8. Gelet op het vorenstaande, zijn de beroepen van [appellant sub 1], [appellant sub 2], West-Friesland en [appellant sub 4] en anderen tegen het besluit tot vaststelling van bestemmingsplan van 17 februari 2022 gegrond. Aan het besluit van 15 december 2022 kleven dezelfde gebreken als aan het besluit van 17 februari 2022. De van rechtswege ontstane beroepen van [appellant sub 1], [appellant sub 2], West-Friesland en [appellant sub 4] en anderen tegen dit besluit zijn daarom ook gegrond.
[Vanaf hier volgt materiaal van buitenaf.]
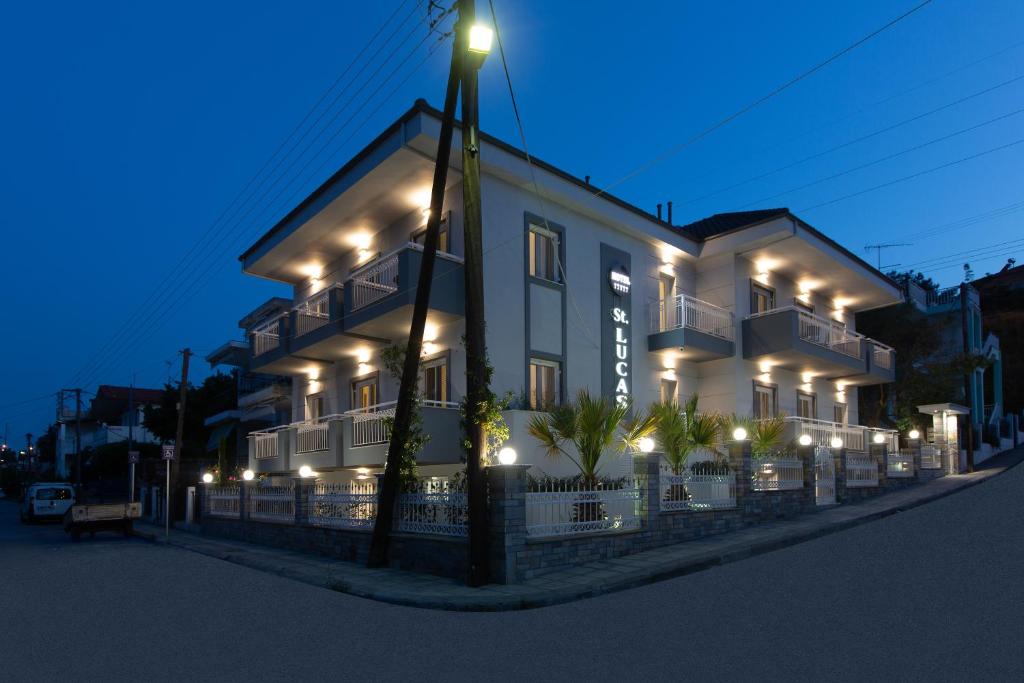 Saint Lucas Suites — Hotel in Chalkidiki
Beide besluiten moeten worden vernietigd wegens strijd met het rechtszekerheidsbeginsel en de artikelen 3:2 en 3:46 van de Awb.
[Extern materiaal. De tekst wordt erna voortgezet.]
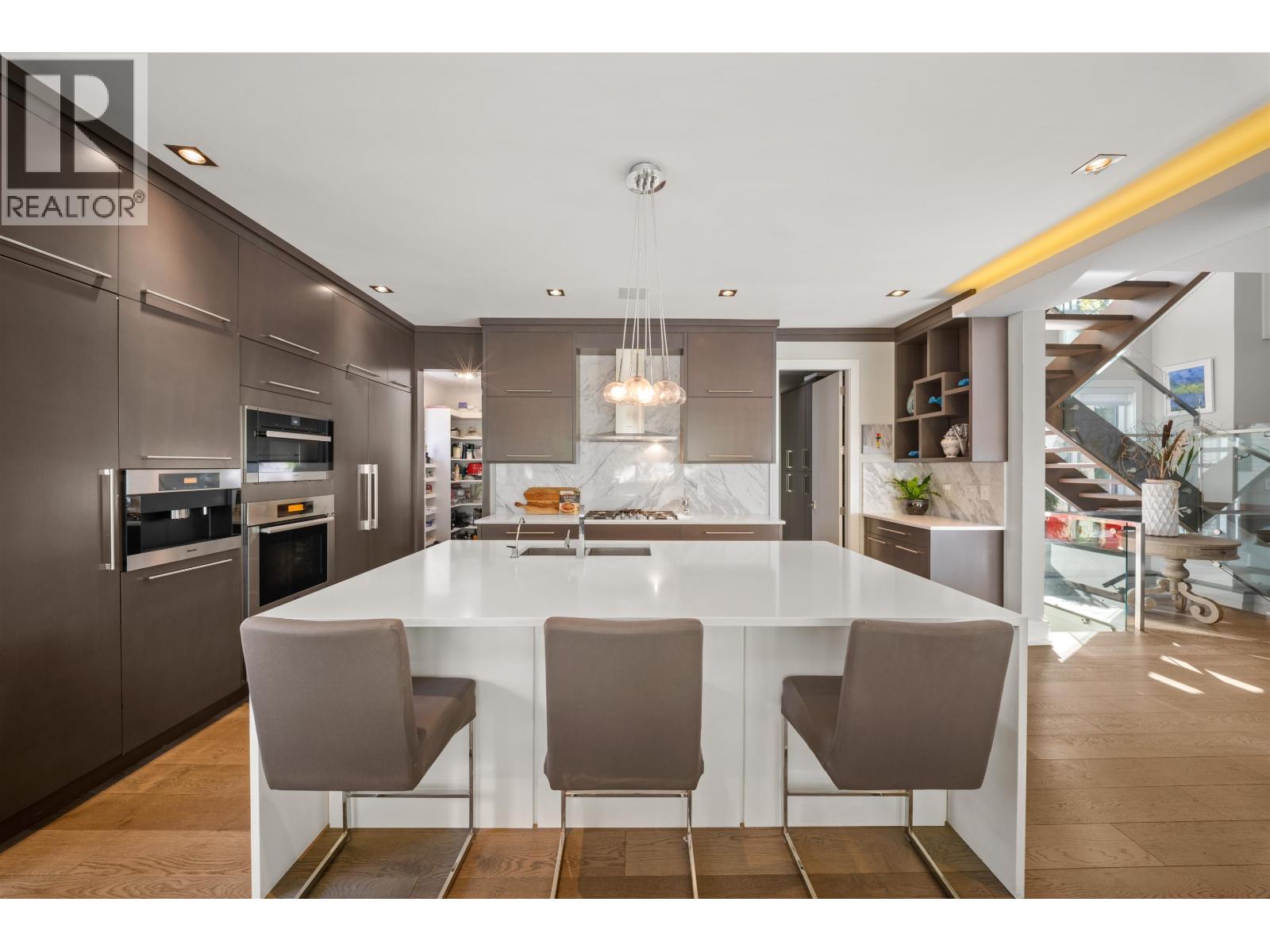 966 BEAUMONT DRIVE, North Vancouver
Beroepen tegen het herstelbesluit
9. In de tussenuitspraak heeft de Afdeling de raad opgedragen om de gebreken in het besluit van 17 februari 2022 te herstellen door:
a. met inachtneming van wat onder 10.3 van die uitspraak is overwogen te motiveren waarom de gevolgen van het plan evenredig zijn voor het recreatiepark en de eigenaren van recreatiewoningen op het park en waarom de raad bij afweging van de betrokken belangen niet voor de aanleg van het bedrijventerrein op een alternatieve locatie heeft gekozen, dan wel een ander besluit te nemen;
b. met inachtneming van wat onder 12.2 van die uitspraak is overwogen de planregels zo aan te passen dat duidelijk is wat onder "onevenredige milieuhinder" in artikel 4.6.1, onder c, moet worden verstaan en dat duidelijk is wat de reikwijdte van de in artikel 4.6.1, aanhef en onder c, gegeven bevoegdheid is;
c. met inachtneming van wat onder 14.1 van die uitspraak is overwogen artikel 4.7.1 van de planregels te wijzigen door "artikel 4.6. lid 1 sub a" te vervangen door een verwijzing naar artikel 3.6, eerste lid, aanhef en onder a, van de Wet ruimtelijke ordening (hierna: de Wro).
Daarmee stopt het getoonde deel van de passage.